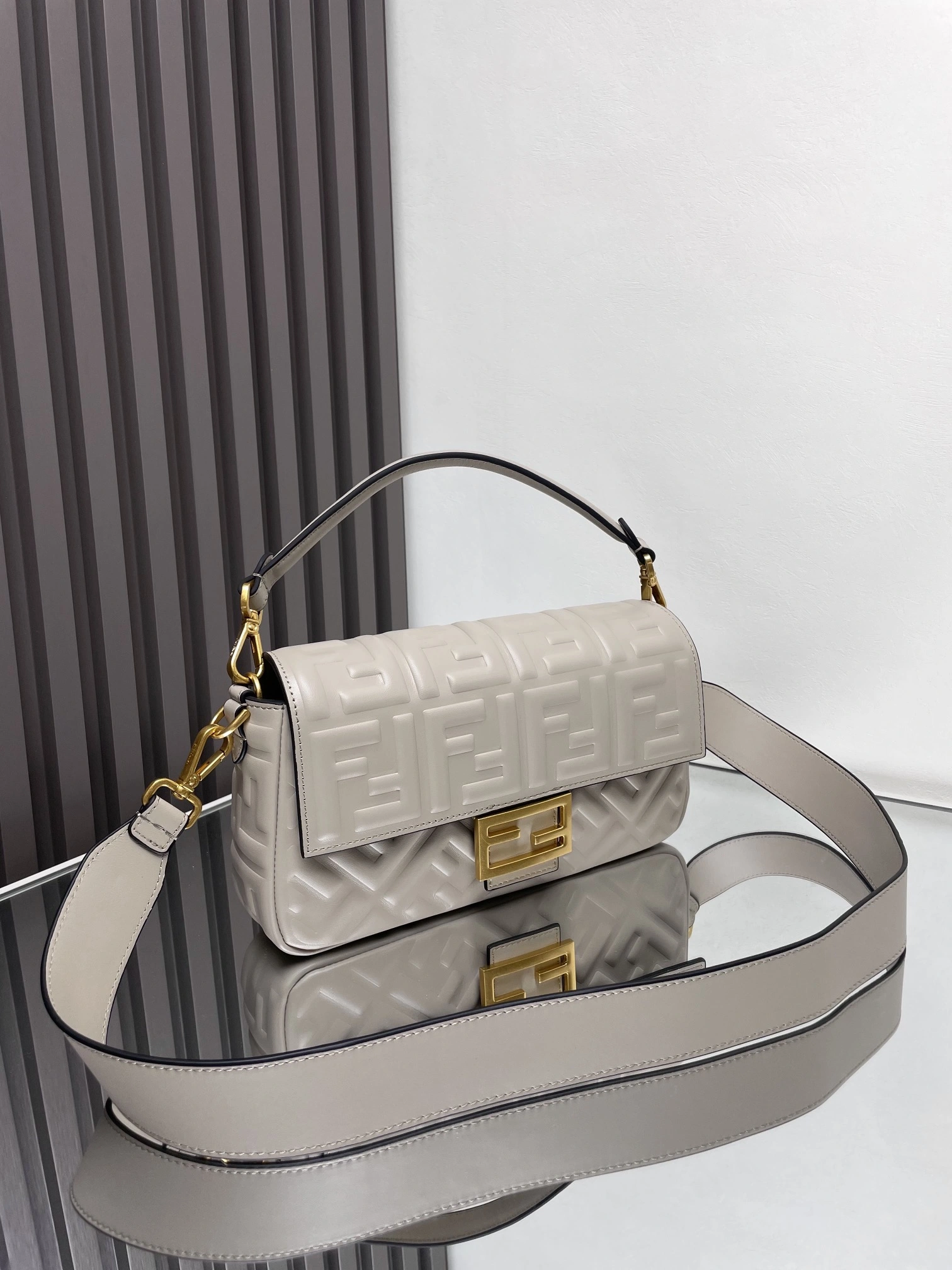 Fendi Satchel Bags GoAnywhere 69790
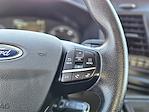 Used 2023 Ford Transit 350 Medium Roof Empty Cargo Van for sale #FV124 - photo 17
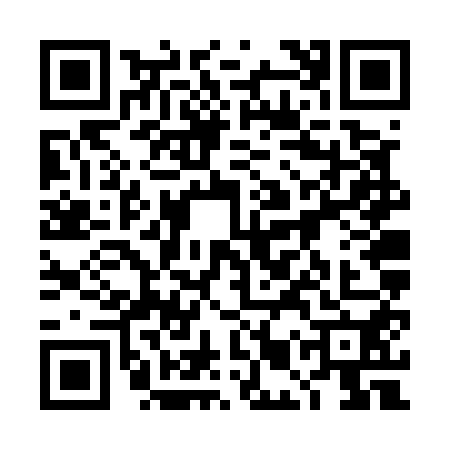QR code for 4MVU509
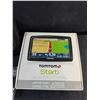 Image 4 : 5" TomTom Navigator with Lifetime Maps of the US & Canada and Accessories - As Is
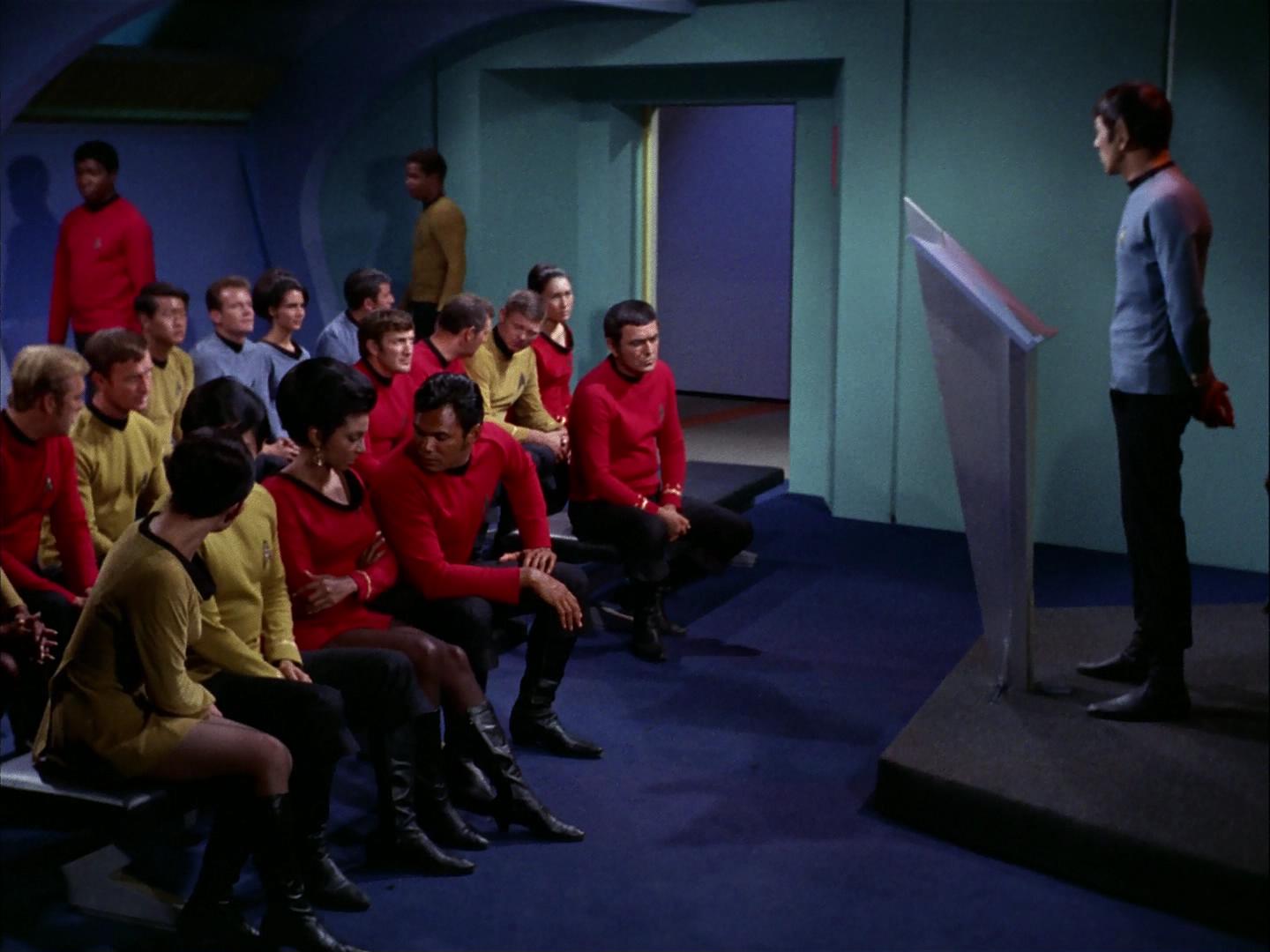 ariane179254_StarTrek_3x09_TheTholianWeb_1763.jpg
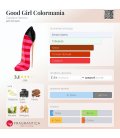 Carolina Herrera Good Girl Colormania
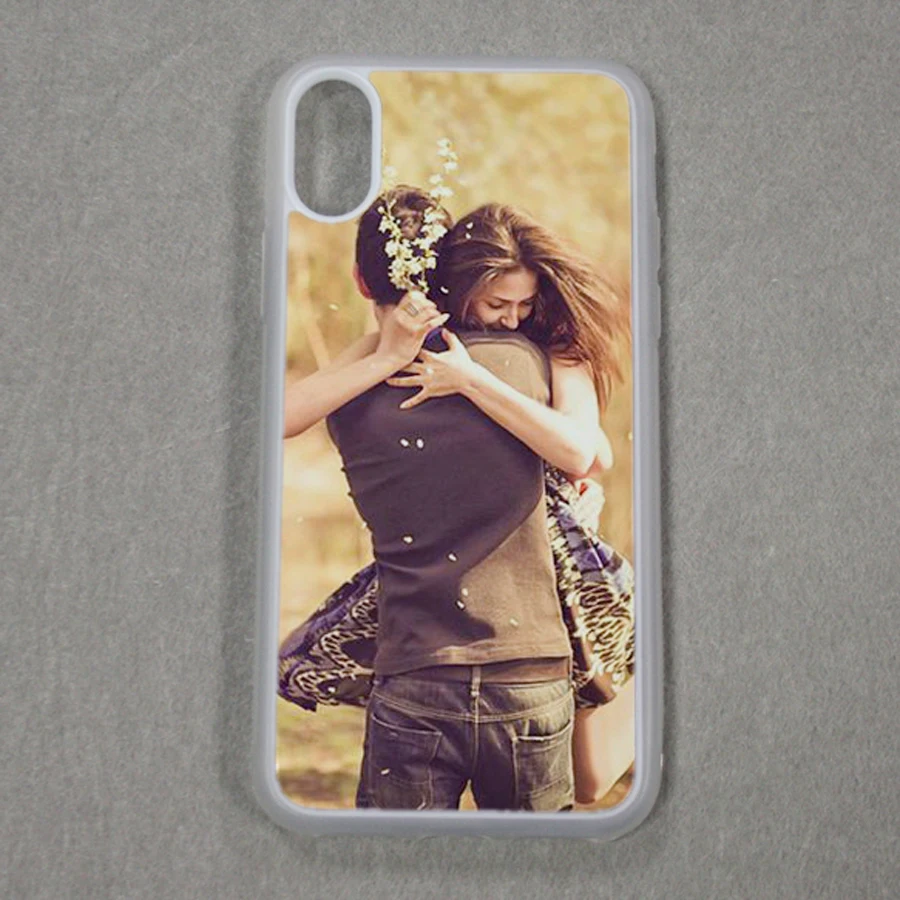 Картинка на чехол телефона екатеринбург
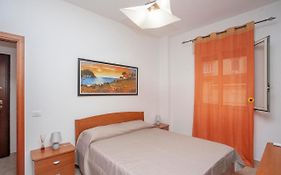 Politeama - Guest House #Agave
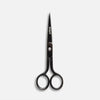 PFAFF® 6in/15.2cm Applique Scissor -- Product Image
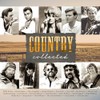 Country Collected [Vinyl LP]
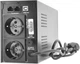 ИБП Ritar E-RTM650L-U ELF-L 390 Вт (E-RTM650L-U) - изображение 3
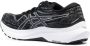 ASICS Gel-Cumulus 25 low-top sneakers Blauw - Thumbnail 3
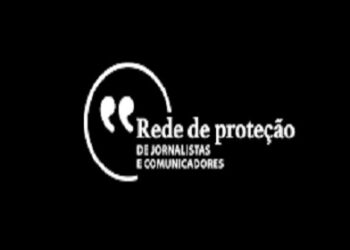 Rede oferece apoio e proteção para jornalistas e comunicadores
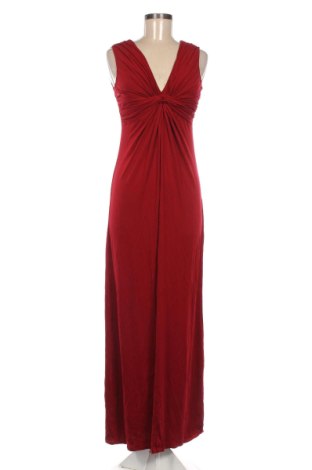 Рокля Max Studio, Размер M, Цвят Червен, Цена 42,00 €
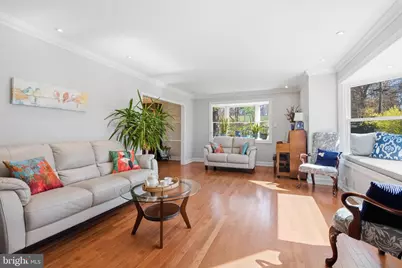 916 General Howe Drive, West Chester, PA 19382 - Photo 52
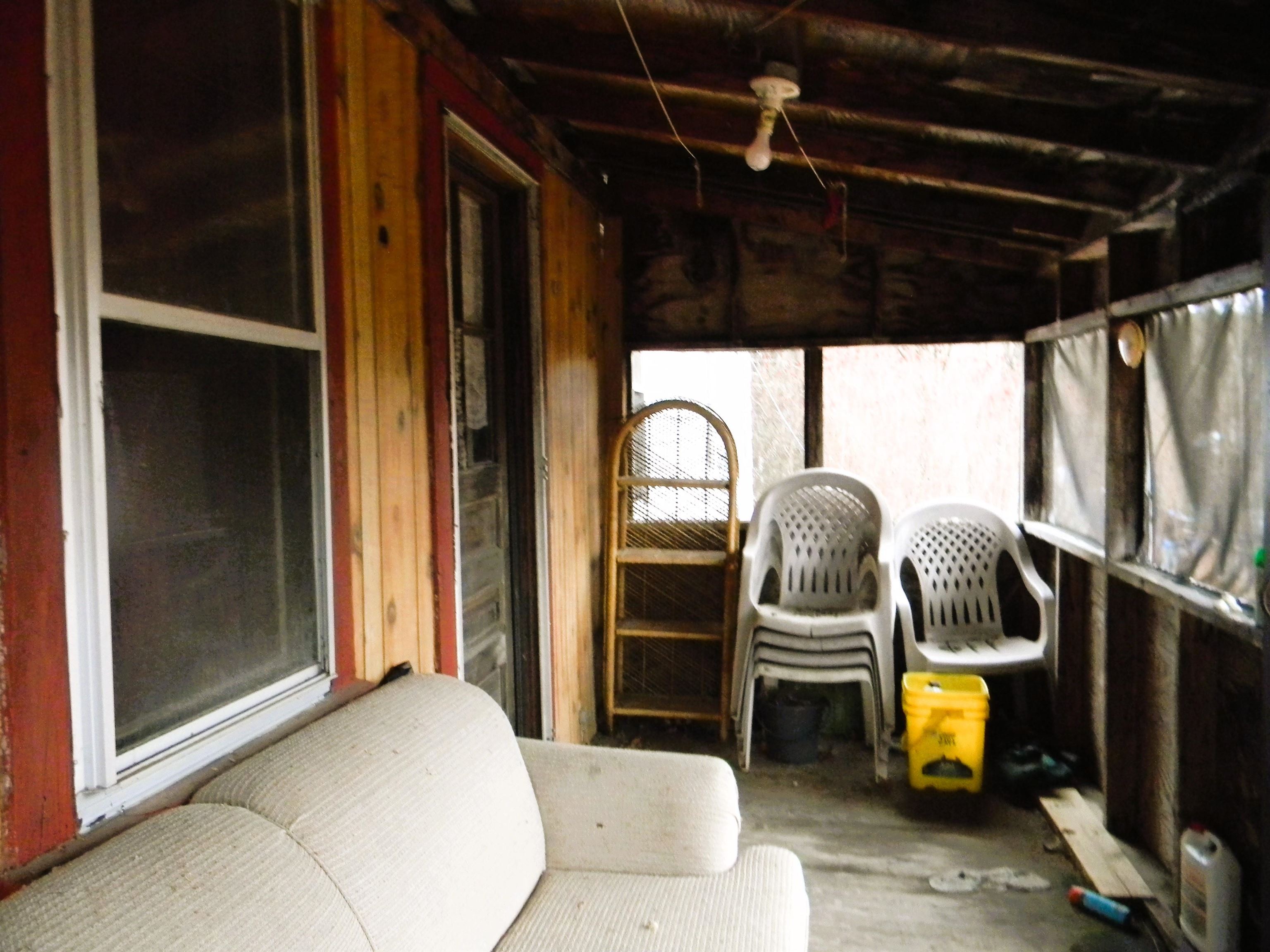 58 Hollow Road, Unit M239 L021 Stratford, NH 03590 - Photo 8 of 39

» **What is needed**
Output, exactly and without pictures, the lines above that run from the one containing "Rede oferece apoio" through the last line of the entries, inclusive.

» **Final answer**
 Rede oferece apoio e proteção para jornalistas e comunicadores
 Рокля Max Studio, Размер M, Цвят Червен, Цена 42,00 €
 916 General Howe Drive, West Chester, PA 19382 - Photo 52
 58 Hollow Road, Unit M239 L021 Stratford, NH 03590 - Photo 8 of 39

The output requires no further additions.